AUTHORS' CONCLUSIONS: Postnatal administration of phenobarbital cannot be recommended as prophylaxis to prevent IVH in preterm infants and is associated with an increased need for mechanical ventilation.
脑室内出血(IVH)是早产的主要并发症。大量出血与高致残风险和脑积水相关。血压和脑血流不稳定被认为是致病因素。另一种机制可能涉及氧自由基的再灌注损伤。苯巴比妥被认为是一种安全的治疗方法,可稳定血压并可能抵御自由基。

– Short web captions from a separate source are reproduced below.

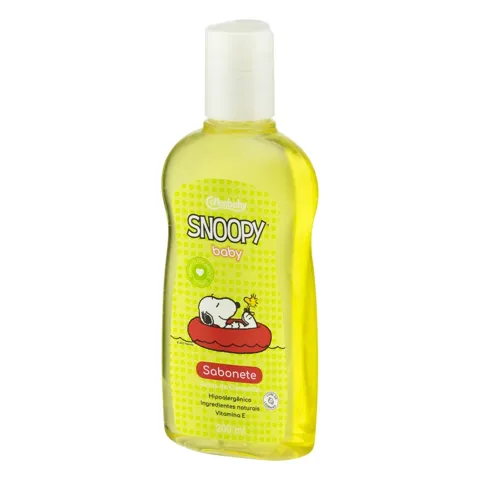 Sabonete Líquido Gotas de Camomila Cottonbaby Snoopy Baby Frasco 200ml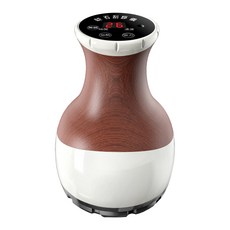 Smart Bearing 智慧魔力 豪華版砭石充電款9段控制熱敷刮痧拔罐機, 9段吸力, 9段加熱, 30分鐘定時, 5V充電, 單一商品, 豪華紅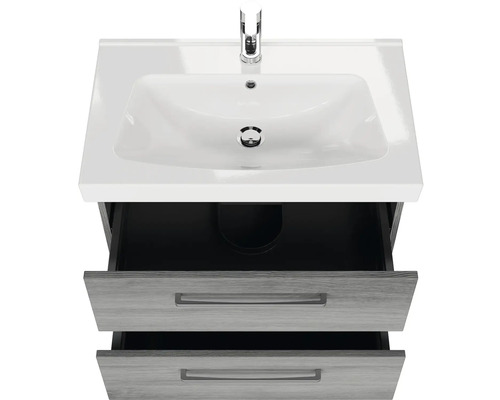 Skrinka pod umývadlo s dvoma zásuvkami a umývadlom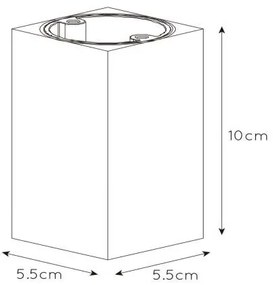 Lucide 09916/06/36 - DELTO LED állítható spotlámpa 1xGU10/5W/230V szürke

确定产后给予苯巴比妥对早产儿脑室内出血(IVH)风险、神经发育障碍或死亡的影响。
见新生儿协作审查组的检索策略。综述作者一直是该领域的活跃试验者,并与该领域的许多团队有个人联系。人工检索的期刊从1976年(头颅CT扫描开始时)至2000年10月,包括:《儿科学》《儿科学杂志》《儿童疾病档案》《儿科研究》《发育医学与儿童神经病学》《儿科学报》《欧洲儿科学杂志》《神经儿科学》《新英格兰医学杂志》《柳叶刀》和《英国医学杂志》。通过美国国立医学图书馆数据库(通过PubMed)和Cochrane对照试验中心注册库(CENTRAL,Cochrane图书馆)检索至2007年4月,使用医学主题词脑室内出血、新生儿、早产儿、颅内出血、苯巴比妥钠、苯巴比妥。检索不限于英语语言,只要文章包含英文摘要即可。对有前景的文章阅读原文或进行翻译。

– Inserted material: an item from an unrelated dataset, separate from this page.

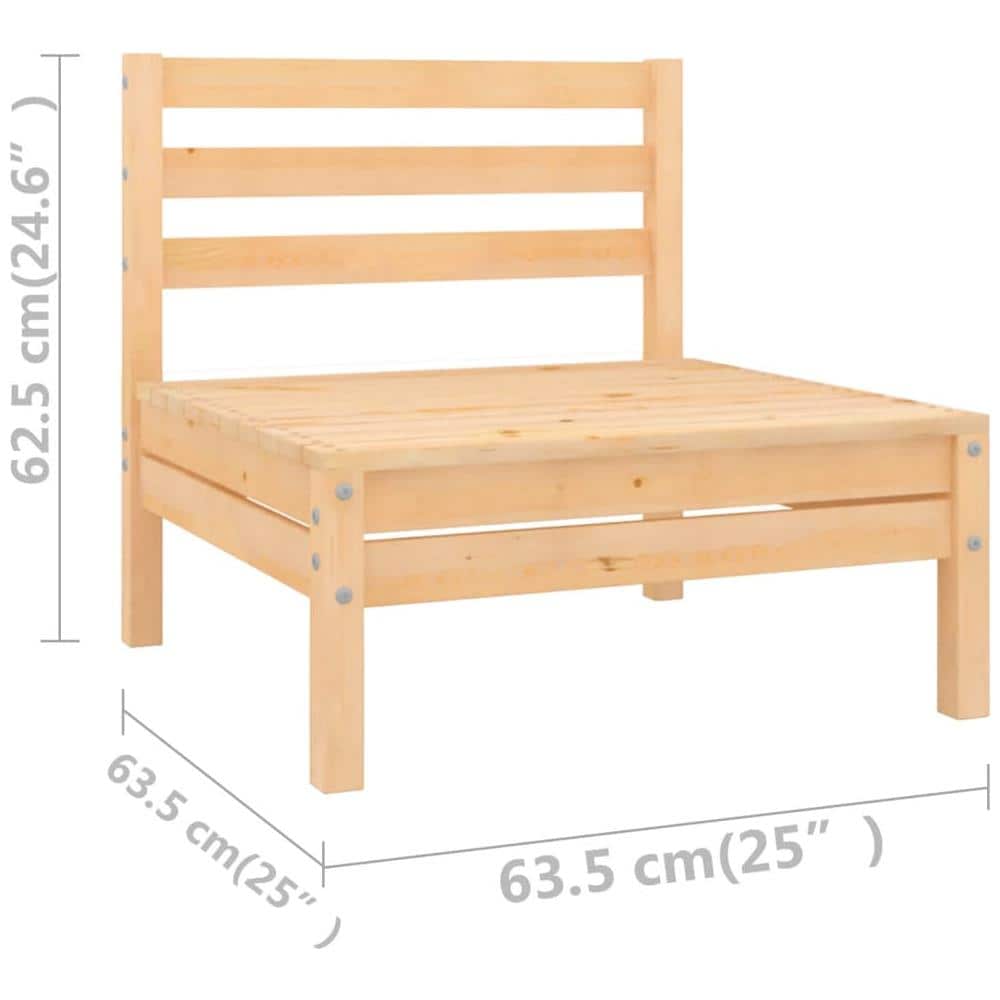 Set Salotto da Giardino 10 pz in Legno Massello di Pino - Foto 7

纳入对因胎龄低于34周、出生体重低于1500g或呼吸衰竭而被确定有IVH风险的早产儿给予苯巴比妥的随机或半随机对照试验。还需要通过超声或CT充分确定IVH。
除了患者选择细节和偏倚控制外,还提取了苯巴比妥给药的细节。检索的终点包括:IVH(分级)、出血后脑室扩张或脑积水、神经发育障碍和死亡。此外,还检索了苯巴比妥可能的不良反应,如低血压、机械通气、气胸、高碳酸血症和酸中毒。
纳入10项对照试验,共招募740名婴儿。IVH结局在各试验之间存在异质性,一项试验发现接受苯巴比妥组的IVH显著减少,而另一项试验发现该组IVH增加。荟萃分析显示,苯巴比妥治疗组与对照组在IVH(典型相对风险1.04,95%CI0.87,1.25)、重度IVH(典型相对风险0.91,95%CI0.66,1.24)、出血后脑室扩张(典型相对风险0.89,95%CI0.38,2.08)、重度神经发育障碍(典型相对风险1.44,95%CI0.41,5.04)或出院前死亡(典型相对风险0.88,95%CI0.64,1.21)方面均无差异。在试验中,苯巴比妥治疗组机械通气使用增加有一致趋势,荟萃分析支持这一点(典型相对风险1.18,95%CI1.06,1.32;典型风险差0.129,95%CI0.045,0.213),但在气胸、酸中毒或高碳酸血症方面无显著差异。
不推荐产后给予苯巴比妥预防早产儿IVH,且其与机械通气需求增加相关。